Overview

Presentations of accepted Interspeech papers and other research work.

Date: Friday 6th September
Time: 14:15 - 16:05
Place: TB180 Joensuu Science Park, F213 Kuopio (Video)

Estimated schedule

14:15 - 14:35: Unleashing the Unused Potential of I-Vectors Enabled by GPU Acceleration (Ville Vestman, poster)
14:35 - 14:55: Towards Debugging Deep Neural Networks by Generating Speech Utterances (Ville Hautamäki, poster)
14:55 - 15:15: Recognition of Creaky Voice from Emergency Calls (Lauri Tavi, poster)
15:15 - 15:35: Ensemble Models for Spoofing Detection in Automatic Speaker Verification (Bhusan Chettri, poster)
15:35 - 16:05: On security of voice biometrics for large speaker populations (Tomi Kinnunen, lecture)

Abstracts

Unleashing the Unused Potential of I-Vectors Enabled by GPU Acceleration
Speaker embeddings are continuous-value vector representations that allow easy comparison between voices of speakers with simple geometric operations. Among others, i-vector and x-vector have emerged as the mainstream methods for speaker embedding. In this paper, we illustrate the use of modern computation platform to harness the benefit of GPU acceleration for i-vector extraction. In particular, we achieve an acceleration of 3000 times in frame posterior computation compared to real time and 25 times in training the i-vector extractor compared to the CPU baseline from Kaldi toolkit. This significant speed-up allows the exploration of ideas that were hitherto impossible. In particular, we show that it is beneficial to update the universal background model (UBM) and re-compute frame alignments while training the i-vector extractor. Additionally, we are able to study different variations of i-vector extractors more rigorously than before. In this process, we reveal some undocumented details of Kaldi’s i-vector extractor and show that it outperforms the standard formulation by a margin of 1 to 2% when tested with VoxCeleb speaker verification protocol. All of our findings are asserted by ensemble averaging the results from multiple runs with random start.

Towards Debugging Deep Neural Networks by Generating Speech Utterances
Deep neural networks (DNN) are able to successfully process and classify speech utterances. However, understanding the reason behind a classification by DNN is difficult. One such debugging method used with image classification DNNs is activation maximization, which generates example-images that are classified as one of the classes. In this work, we evaluate applicability of this method to speech utterance classifiers as the means to understanding what DNN ”listens to”. We trained a classifier using the speech command corpus and then use activation maximization to pull samples from the trained model. Then we synthesize audio from features using WaveNet vocoder for subjective analysis. We measure the quality of generated samples by objective measurements and crowd-sourced human evaluations. Results show that when combined with the prior of natural speech, activation maximization can be used to generate examples of different classes. Based on these results, activation maximization can be used to start opening up the DNN black-box in speech tasks.

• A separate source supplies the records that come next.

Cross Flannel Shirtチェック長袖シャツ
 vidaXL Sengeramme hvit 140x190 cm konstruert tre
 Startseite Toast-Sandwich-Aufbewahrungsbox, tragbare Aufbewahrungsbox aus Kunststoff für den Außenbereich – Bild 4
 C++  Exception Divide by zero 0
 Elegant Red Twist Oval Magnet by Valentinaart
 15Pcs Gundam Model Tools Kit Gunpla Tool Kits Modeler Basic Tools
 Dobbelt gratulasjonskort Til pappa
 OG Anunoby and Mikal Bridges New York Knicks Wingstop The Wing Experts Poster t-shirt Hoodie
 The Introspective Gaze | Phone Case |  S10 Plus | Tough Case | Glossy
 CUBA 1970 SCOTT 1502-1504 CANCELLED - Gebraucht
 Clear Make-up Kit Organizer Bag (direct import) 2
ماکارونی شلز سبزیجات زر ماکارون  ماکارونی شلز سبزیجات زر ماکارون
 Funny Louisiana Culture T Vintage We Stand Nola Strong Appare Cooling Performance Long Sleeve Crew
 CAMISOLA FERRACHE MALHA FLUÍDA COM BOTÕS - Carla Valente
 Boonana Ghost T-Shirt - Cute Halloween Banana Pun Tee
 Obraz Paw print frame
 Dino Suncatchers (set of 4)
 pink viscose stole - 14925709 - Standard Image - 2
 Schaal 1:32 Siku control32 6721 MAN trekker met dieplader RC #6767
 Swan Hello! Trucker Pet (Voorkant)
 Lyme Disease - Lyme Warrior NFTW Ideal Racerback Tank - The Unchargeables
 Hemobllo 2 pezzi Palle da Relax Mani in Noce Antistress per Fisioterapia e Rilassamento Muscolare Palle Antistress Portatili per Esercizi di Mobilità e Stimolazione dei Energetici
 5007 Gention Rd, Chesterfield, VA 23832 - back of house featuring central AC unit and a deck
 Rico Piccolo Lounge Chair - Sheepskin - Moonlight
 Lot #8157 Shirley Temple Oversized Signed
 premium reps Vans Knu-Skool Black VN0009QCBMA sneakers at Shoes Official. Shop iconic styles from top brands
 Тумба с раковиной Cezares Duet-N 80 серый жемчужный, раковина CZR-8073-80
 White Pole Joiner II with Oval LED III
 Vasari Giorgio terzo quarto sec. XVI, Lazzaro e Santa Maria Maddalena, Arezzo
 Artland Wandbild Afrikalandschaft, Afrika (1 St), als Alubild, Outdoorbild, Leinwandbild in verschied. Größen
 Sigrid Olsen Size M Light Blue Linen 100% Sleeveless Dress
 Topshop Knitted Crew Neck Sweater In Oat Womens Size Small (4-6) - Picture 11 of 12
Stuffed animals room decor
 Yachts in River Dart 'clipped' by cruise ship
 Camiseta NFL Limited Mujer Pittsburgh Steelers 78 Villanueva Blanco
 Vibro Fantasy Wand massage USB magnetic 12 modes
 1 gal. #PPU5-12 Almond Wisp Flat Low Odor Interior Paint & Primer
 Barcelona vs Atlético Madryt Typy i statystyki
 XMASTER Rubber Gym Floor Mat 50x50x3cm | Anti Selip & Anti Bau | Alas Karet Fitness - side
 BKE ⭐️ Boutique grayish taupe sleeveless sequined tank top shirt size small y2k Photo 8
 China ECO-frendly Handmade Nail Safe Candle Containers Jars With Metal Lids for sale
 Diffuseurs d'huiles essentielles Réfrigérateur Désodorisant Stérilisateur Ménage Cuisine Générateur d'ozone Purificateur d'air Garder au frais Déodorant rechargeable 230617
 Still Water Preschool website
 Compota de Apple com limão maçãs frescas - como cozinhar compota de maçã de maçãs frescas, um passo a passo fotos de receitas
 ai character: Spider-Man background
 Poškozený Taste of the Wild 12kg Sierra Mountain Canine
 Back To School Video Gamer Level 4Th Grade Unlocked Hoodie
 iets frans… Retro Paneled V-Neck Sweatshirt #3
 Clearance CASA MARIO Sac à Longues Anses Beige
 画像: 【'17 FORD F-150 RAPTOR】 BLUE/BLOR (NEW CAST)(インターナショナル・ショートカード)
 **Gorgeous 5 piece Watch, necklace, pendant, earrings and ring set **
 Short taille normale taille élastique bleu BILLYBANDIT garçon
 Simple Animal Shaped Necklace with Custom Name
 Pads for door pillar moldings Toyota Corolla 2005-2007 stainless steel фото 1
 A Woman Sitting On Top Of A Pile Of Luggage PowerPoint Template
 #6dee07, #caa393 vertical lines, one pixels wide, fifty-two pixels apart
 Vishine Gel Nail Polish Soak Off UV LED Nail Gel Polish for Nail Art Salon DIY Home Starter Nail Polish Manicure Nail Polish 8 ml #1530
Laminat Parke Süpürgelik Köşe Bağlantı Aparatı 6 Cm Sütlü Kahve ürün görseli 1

Recognition of Creaky Voice from Emergency Calls
Although creaky voice, or vocal fry, is widely studied phonation mode, open questions still exist in creak’s acoustic characterization and automatic recognition. Many questions are open since creak varies significantly depending on conversational context. In this study, we introduce an exploratory creak recognizer based on convolutional neural network (CNN), which is generated specifically for emergency calls. The study focuses on recognition of creaky voice from authentic emergency calls because creak detection could potentially provide information about the caller’s emotional state or attempt of voice disguise. We generated the CNN recognition system using emergency call recordings and other out-of-domain speech recordings and compared the results with an already existing and widely used creaky voice detection system: using poor quality emergency call recordings as test data, this system achieved F1 of 0.41 whereas our CNN system accomplished an F1 of 0.64. The results show that the CNN system can perform moderately well using a limited amount of training data on challenging testing data and has the potential to achieve higher F scores when more emergency calls are used for model training.

Ensemble Models for Spoofing Detection in Automatic Speaker Verification
Detecting spoofing attempts of automatic speaker verification (ASV) systems is challenging, especially when using only one modeling approach. For robustness, we use both deep neural networks and traditional machine learning models and combine them as ensemble models through logistic regression. They are trained to detect logical access (LA) and physical access (PA) attacks on the dataset released as part of the ASV Spoofing and Countermeasures Challenge 2019. We propose dataset partitions that ensure different attack types are present during training and validation to improve system robustness. Our ensemble model outperforms all our single models and the baselines from the challenge for both attack types. We investigate why some models on the PA dataset strongly outperform others and find that spoofed recordings in the dataset tend to have longer silences at the end than genuine ones. By removing them, the PA task becomes much more challenging, with the tandem detection cost function (t-DCF) of our best single model rising from 0.1672 to 0.5018 and equal error rate (EER) increasing from 5.98% to 19.8% on the development set.